Olympics choir to perform at special Paralympics Mass
The choir that performed at the 2012 Olympic opening ceremony will again be performing in connection with the Games, this time for a special Mass of Thanksgiving for the Paralympics.
The Dockhead Choir was the opening act of the Olympic opening ceremony.
They will be accompanied by an orchestra when they perform during the Mass of Thanksgiving at St George’s Cathedral, Southwark, on 8 September.
The choir will again sing the first verse of Jerusalem live and unaccompanied, dressed in the same attire they wore at the Olympic stadium.
“It will be a slightly different version of Jerusalem on this occasion to that sung at the opening ceremony,” explained Canon Maclean, Dockhead's parish priest, who will be directing the choir.
“However, above all the young people - and their parents - are both delighted and honoured to be taking part in this special liturgy."

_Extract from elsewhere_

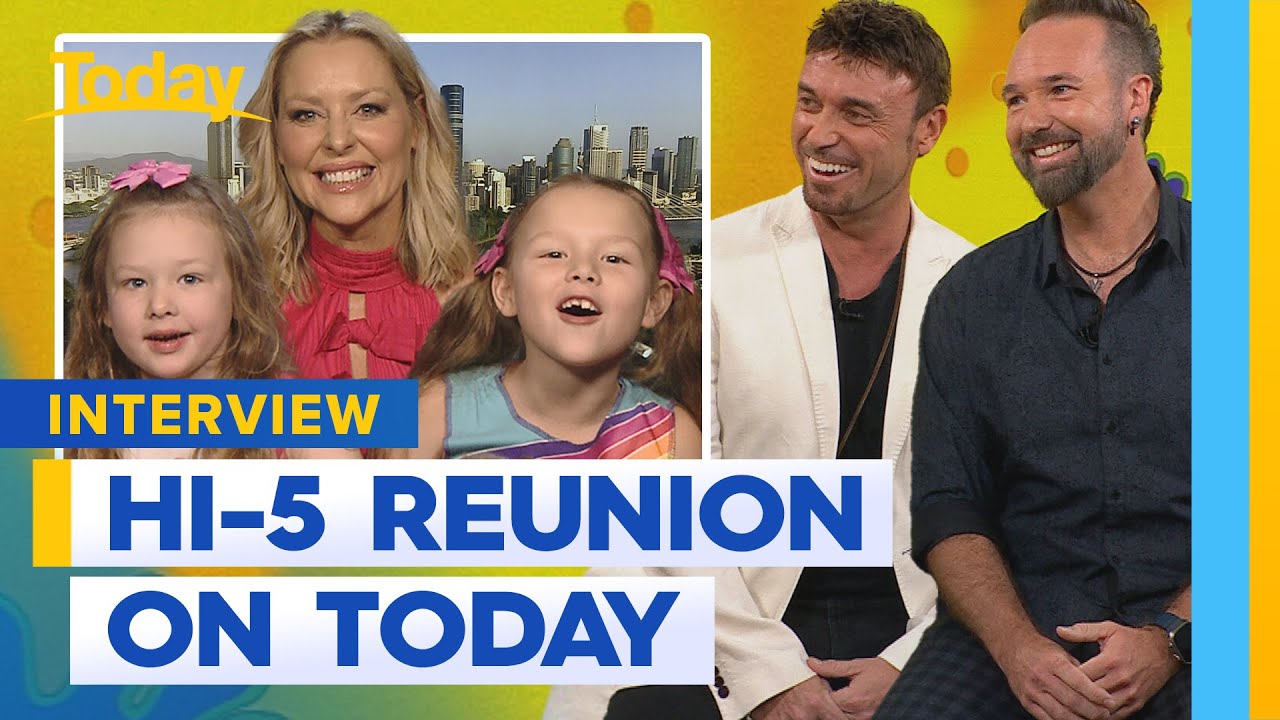 Original Hi-5 cast catch up with Today | Today Show Australia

He went on to say that “being a part of the Mass in thanksgiving for the Paralympic Games is equally as great an honour for us all as being the first voices to be heard at the opening of the 30th Olympiad”, adding that “singing in worship of God is what the choir does best”.
James Parker, Catholic Executive Coordinator for the 2012 Games, said the deliberate decision had been taken to make the Mass open to anyone who wishes to attend.

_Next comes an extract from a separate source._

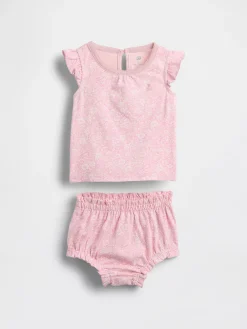 Baby Floral Ruffle Outfit Set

He said the key message of the Mass would be that everyone has a place within the Church.
'Everyone has a place' was the theme of the Catholic Church's recent international one-day conference in London on disability, theology and sport.
“We hope that Paralympians both past and present, whether Catholic, Christian, or of any faith and none, will come to hear of the Mass and choose to join the hundreds of others who will be present," Mr Parker continued.
"We want to celebrate and give thanks to God for the preciousness and potential that lies within each and every life, particularly for how these are manifest within the domain of sport.”
The Catholic Bishops’ National Advisor on disability matters, Cristina Gangemi, said of the forthcoming Paralympiad: “We need to treat the Paralympic Games with exactly the same enthusiasm as the Olympics and really get behind the athletes.
"Whilst they are separate games, Paralympians are amazing sports people who have worked hard and have faced the same ups and downs as those who participated in the Olympics.
"It's just that they engage in events in a different way and utilise apparatus that has been geared to allow them to practise the sport they are so skilled at.”
Ms Gangemi said the Paralympics provided schools with the opportunity to have disability-themed assemblies and to "recognise the potential of all human beings within our society".
She said: "This is an opportunity not to be missed. The Paralympics are a unique example of faith in action and a place where all do what they do to the very best of their ability.”